Everybody bow down to Craig Mathews of Blue Ribbon Flies in West Yellowstone, Montana. Formerly from West Michigan, Craig is the developer of arguably the best caddis emerger pattern of all times, the X Caddis. His simple tie consists of a crinkled zlon shuck, a dubbed body and a wing/head of fine deer hair. It was a natural for the tinsel body conversion.

The Opal X Caddis had its christening on the Madison River one evening in July. It had been reported that the evening caddis activity had been of biblical proportions, so I was ready with a cornucopia of patterns. It began just before dark. I was standing in less than knee-deep water looking upstream into a pod of trout at least a dozen strong. Big heads everywhere. I went through every pattern in my caddis box with no takers. I was stricken. Now mostly dark, I turned my back on the fish, switched on my light and started digging. I came across the X Caddis patterns I had tied with the tinsel body. What the heck. I tied one on. It was magic. Casting up into the pod and “zone striking” as the fly drifted back, I had a take on nearly every cast.

All of my new patterns include a season or two of serious field testing before I take it public. The Opal X Caddis was no exception. My long time angling buddy, Tom Champine and I were anchored at the base of a huge cliff face on the Missouri with Larry Eller, our guide. Tom agreed to use a hatch matching, dubbed X Caddis although he knew he would likely get his butt kicked. He did. My Opal X Caddis took 10 fish before he had a hook up. The pod of trout were feeding mostly just below the surface, but the tinsel bug brought them up.

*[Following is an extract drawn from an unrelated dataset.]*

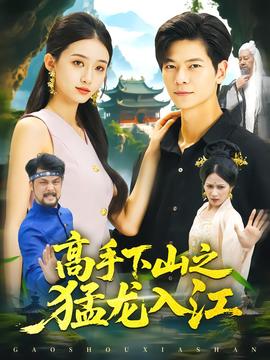 高手下山之猛龙入江全集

I no longer carry any dubbed, hatch matching X Caddis. They are all tied with Opal Tinsel mostly in #16-#20. This is my favorite pattern for our Black Caddis hatch in Michigan. The opal body is nothing like the dark gray body on the naturals but it is not uncommon at all for fish to move to eat the Opal X Caddis. That speaks volumes. This is another “magic bug” that needs to be in your box.